My passion for travel began in my family kitchen. Growing up, our dinner table was a place to share, learn and laugh as we enjoyed time together. As I began to explore internationally, I quickly came to understand this was a common principle of life all over the world. From chicharrón in Medellin to falafel in Beirut, sharing a meal with a local became the easiest way for me to get travel tips, exchange stories, and even learn some of the language.
After graduation, I embarked on a six-month adventure through Southeast Asia. Surrounded by the region’s sights, smells and tastes, each day seemed more fulfilling than the last. Despite returning to Boston, my heart was still in Southeast Asia. I decided that if I wasn’t able to get myself there, the next best thing would be to help others enjoy the same experiences I did, leading me here to Audley.
Q&A with Patrick
What's the best local dish you've tasted?

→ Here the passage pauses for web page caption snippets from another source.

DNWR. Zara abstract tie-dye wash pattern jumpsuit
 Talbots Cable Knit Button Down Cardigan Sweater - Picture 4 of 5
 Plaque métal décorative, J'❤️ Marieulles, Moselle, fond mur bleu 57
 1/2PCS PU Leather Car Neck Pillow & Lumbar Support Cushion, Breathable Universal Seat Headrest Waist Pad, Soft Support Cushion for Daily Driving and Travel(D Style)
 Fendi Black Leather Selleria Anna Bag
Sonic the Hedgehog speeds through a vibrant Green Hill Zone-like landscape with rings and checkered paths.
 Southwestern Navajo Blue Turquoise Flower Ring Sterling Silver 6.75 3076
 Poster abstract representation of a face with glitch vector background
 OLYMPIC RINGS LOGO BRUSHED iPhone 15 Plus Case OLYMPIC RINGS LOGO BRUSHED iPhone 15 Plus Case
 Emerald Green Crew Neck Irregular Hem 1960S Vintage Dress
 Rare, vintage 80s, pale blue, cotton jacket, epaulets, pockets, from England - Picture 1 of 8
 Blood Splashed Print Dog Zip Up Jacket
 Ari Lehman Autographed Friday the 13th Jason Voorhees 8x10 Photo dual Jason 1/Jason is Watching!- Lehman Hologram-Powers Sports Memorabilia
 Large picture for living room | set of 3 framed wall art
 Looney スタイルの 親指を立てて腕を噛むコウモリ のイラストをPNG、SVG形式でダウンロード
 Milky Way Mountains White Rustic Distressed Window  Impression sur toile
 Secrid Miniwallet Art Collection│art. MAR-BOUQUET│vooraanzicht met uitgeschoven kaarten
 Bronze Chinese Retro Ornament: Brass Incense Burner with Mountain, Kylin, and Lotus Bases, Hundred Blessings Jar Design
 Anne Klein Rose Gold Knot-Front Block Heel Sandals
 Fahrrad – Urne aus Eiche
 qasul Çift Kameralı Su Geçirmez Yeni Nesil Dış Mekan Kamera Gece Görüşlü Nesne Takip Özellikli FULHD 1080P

Given Vietnam’s distinct geography and 2,000-mile coastline, it’s no wonder that the food here is regionally diverse. I made a serious effort to try something different every night but during my time in Hoi An, I wasn’t able to bring myself to seek out anything other than cao lau, a noodle dish made with thick, hearty noodles, barbecued pork, and fresh greens like Vietnamese cilantro, bean sprouts and a dash of mint, all suspended in a pork broth and sprinkled with deep-fried noodle squares. As an Asian meeting point for many years, a bowl of cao lau embodies Hoi An’s international influences.
What's your most vivid travel moment?
On arrival at an elephant camp in Thailand’s Khao Sok National Park I spent nearly an hour walking around, admiring the limestone cliffs and dense rainforest. I was due to see the elephants later in the day, but rain clouds loomed in the distance. Lo and behold, the moment we caught a glimpse of the elephants, the skies opened up. My heart sank, but instead of running for shelter, a symphony of trumpeting erupted from the herd. My guide explained that elephants love the rain as it provides an escape from the heat and seeing these huge animals frolic and play was quite a privilege.
Which book, film or artwork captures Vietnam the most?
French photographer, Réhahn’s book Vietnam: Mosaic of Contrasts is a collection of 150 photographs that I came across while waiting out a rain storm. I quickly lost track of time as I examined each wrinkle on the cheeks of an elderly woman, lingered over the development of Vietnam’s celebrated rice terraces, and tried to guess the destination of a lone cyclist in Hoi An. The incredible imagery and the insights offered by the detailed captions offers a revealing depiction of the people and the country and offers a great introduction to Vietnam or a wonderful way to reminisce after a trip.